[Activity]: Please keep to the lines below from the one with "Poster - The" through the one with "Vivo V60 - Pink", and restate them word for word, ends included.

+===+

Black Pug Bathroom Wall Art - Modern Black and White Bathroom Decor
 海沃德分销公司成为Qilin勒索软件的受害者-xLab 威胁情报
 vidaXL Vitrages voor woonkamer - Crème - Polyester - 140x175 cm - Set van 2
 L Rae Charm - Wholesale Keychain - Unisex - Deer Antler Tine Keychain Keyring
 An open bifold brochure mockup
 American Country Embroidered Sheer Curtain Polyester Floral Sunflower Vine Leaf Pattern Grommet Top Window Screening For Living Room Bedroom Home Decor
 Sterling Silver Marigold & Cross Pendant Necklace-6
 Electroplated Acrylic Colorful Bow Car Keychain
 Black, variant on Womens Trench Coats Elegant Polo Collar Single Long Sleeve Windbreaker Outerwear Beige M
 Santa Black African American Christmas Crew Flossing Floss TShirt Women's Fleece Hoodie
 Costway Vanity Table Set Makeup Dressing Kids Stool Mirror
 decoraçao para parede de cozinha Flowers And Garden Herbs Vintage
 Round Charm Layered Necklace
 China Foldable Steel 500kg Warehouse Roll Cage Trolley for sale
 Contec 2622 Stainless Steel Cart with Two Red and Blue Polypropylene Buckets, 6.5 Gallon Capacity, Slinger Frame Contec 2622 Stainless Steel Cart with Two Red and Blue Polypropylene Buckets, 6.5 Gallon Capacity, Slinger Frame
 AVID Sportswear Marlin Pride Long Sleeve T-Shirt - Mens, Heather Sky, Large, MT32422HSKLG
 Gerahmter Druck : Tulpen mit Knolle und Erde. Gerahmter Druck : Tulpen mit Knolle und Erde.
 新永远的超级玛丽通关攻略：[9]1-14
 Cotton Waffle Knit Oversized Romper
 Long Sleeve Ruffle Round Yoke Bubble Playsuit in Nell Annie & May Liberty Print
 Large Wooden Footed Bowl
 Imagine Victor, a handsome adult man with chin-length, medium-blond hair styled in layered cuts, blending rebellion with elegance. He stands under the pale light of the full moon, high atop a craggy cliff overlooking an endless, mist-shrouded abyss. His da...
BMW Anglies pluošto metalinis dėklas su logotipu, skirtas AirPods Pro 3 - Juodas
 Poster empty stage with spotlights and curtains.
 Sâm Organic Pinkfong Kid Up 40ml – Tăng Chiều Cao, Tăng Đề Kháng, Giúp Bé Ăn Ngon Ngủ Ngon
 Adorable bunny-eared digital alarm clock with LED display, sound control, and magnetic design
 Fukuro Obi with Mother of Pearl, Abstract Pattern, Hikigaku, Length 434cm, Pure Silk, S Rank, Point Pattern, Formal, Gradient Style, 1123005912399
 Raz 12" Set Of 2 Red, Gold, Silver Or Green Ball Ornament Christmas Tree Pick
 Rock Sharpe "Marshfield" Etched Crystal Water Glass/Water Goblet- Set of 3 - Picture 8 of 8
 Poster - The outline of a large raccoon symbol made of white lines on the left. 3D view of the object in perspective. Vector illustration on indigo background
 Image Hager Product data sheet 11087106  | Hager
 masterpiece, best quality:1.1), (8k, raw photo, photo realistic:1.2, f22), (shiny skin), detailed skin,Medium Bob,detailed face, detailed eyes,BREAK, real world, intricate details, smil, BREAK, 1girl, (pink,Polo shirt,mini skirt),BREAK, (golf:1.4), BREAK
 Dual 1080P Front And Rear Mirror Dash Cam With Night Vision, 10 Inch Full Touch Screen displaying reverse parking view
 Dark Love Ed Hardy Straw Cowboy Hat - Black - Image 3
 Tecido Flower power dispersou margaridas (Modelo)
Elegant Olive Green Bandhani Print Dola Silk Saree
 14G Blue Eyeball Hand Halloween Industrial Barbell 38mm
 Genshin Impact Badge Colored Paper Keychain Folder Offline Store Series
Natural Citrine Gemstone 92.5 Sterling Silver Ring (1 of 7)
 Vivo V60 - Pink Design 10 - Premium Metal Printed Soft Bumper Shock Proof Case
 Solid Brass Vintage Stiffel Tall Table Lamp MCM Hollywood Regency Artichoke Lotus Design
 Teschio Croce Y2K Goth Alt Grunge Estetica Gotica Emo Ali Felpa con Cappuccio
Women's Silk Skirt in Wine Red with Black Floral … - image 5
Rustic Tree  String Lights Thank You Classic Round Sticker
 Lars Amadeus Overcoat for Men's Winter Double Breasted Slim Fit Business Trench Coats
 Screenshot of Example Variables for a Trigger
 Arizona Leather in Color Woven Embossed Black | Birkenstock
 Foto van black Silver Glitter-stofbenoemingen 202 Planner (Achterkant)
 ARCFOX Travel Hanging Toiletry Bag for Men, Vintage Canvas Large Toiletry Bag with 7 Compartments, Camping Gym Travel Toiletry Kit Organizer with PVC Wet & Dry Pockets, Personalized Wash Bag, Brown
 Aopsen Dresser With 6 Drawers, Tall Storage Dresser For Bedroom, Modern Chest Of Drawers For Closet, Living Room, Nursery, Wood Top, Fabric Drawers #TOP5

+===+

[Solution for this exercise]:
 Poster - The outline of a large raccoon symbol made of white lines on the left. 3D view of the object in perspective. Vector illustration on indigo background
 Image Hager Product data sheet 11087106  | Hager
 masterpiece, best quality:1.1), (8k, raw photo, photo realistic:1.2, f22), (shiny skin), detailed skin,Medium Bob,detailed face, detailed eyes,BREAK, real world, intricate details, smil, BREAK, 1girl, (pink,Polo shirt,mini skirt),BREAK, (golf:1.4), BREAK
 Dual 1080P Front And Rear Mirror Dash Cam With Night Vision, 10 Inch Full Touch Screen displaying reverse parking view
 Dark Love Ed Hardy Straw Cowboy Hat - Black - Image 3
 Tecido Flower power dispersou margaridas (Modelo)
Elegant Olive Green Bandhani Print Dola Silk Saree
 14G Blue Eyeball Hand Halloween Industrial Barbell 38mm
 Genshin Impact Badge Colored Paper Keychain Folder Offline Store Series
Natural Citrine Gemstone 92.5 Sterling Silver Ring (1 of 7)
 Vivo V60 - Pink Design 10 - Premium Metal Printed Soft Bumper Shock Proof Case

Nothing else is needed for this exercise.